Scan the records for lines holding "Apartamento". Say how many there are and give nothing else.

*Task material*
= Beginning of Section =

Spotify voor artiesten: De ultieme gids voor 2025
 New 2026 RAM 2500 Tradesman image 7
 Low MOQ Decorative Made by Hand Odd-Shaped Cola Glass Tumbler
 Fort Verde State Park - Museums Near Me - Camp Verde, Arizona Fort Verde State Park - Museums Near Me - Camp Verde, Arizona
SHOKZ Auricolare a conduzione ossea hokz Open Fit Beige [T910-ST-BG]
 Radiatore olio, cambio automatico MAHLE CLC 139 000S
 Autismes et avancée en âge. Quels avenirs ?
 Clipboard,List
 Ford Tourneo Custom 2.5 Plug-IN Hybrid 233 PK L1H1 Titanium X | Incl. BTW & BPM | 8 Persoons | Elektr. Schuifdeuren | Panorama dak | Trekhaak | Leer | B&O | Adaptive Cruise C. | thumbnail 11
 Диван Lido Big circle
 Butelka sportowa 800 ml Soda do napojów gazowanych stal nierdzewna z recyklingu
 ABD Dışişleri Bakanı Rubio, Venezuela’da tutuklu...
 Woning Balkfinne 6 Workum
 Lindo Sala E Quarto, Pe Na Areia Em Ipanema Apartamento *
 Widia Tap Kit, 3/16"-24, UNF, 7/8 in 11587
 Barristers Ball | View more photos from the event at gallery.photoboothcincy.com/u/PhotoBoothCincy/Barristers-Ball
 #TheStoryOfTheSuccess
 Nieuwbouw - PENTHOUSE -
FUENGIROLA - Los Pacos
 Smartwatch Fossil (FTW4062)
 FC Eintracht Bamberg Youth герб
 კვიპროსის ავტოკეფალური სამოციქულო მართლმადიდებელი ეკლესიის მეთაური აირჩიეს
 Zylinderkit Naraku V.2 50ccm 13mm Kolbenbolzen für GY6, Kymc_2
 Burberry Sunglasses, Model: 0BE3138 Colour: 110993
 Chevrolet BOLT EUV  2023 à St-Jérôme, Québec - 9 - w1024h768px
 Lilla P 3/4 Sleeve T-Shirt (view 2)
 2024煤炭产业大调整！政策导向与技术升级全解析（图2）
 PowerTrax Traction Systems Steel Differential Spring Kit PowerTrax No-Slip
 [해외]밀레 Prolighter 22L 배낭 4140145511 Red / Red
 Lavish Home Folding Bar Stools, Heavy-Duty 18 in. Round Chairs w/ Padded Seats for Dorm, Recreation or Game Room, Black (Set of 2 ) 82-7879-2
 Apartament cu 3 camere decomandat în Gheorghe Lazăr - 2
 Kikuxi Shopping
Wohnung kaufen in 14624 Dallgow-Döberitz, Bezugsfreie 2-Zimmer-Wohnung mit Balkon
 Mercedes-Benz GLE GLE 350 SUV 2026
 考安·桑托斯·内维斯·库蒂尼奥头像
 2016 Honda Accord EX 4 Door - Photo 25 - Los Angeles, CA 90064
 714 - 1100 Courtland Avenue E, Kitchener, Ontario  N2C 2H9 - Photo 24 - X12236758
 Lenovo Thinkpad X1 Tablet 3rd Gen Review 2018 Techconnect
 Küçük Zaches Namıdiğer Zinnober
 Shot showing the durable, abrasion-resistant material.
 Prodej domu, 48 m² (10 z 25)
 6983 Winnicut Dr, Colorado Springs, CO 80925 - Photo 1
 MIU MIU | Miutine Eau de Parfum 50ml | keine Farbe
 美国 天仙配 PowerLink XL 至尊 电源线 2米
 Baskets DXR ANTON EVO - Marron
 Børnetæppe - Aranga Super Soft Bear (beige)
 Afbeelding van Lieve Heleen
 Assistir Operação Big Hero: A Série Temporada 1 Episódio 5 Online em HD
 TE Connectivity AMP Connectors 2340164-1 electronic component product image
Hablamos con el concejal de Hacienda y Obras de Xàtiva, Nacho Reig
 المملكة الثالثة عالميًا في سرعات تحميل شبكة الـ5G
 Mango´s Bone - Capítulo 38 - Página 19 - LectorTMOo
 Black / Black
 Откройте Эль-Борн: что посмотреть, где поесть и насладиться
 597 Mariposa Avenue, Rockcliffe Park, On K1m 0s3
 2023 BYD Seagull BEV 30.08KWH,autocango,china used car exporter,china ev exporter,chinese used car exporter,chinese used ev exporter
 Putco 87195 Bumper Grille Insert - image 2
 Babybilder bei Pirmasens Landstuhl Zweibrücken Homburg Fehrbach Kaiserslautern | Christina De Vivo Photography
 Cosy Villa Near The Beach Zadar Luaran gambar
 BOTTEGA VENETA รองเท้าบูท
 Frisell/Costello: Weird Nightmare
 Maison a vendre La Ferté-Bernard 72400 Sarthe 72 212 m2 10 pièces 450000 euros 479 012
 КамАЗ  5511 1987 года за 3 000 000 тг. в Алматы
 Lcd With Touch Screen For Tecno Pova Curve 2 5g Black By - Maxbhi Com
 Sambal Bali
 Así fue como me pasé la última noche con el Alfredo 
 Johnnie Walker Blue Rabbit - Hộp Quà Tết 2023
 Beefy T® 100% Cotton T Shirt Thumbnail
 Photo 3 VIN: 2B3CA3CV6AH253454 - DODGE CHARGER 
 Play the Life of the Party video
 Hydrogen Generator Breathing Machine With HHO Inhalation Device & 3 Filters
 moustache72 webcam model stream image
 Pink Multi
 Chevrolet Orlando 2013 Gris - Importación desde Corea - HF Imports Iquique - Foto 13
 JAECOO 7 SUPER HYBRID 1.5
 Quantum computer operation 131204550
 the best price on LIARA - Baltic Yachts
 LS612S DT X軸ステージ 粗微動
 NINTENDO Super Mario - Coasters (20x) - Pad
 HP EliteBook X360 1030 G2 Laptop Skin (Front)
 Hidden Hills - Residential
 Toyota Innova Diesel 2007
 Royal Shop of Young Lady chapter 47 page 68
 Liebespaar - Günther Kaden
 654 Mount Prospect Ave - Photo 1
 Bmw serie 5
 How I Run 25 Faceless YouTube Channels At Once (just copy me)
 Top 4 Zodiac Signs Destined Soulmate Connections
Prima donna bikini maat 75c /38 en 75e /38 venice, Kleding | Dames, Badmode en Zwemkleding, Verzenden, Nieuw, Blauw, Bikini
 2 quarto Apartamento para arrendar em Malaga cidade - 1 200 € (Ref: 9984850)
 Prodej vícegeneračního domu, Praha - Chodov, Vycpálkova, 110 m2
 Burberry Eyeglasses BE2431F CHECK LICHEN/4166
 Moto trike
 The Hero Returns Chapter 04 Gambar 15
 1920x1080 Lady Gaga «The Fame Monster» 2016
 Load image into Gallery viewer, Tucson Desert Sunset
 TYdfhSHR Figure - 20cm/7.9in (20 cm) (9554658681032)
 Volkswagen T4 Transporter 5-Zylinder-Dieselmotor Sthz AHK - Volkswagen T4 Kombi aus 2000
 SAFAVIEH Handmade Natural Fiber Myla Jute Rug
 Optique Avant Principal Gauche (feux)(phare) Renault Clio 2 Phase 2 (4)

= End of Section =

*Task result*
2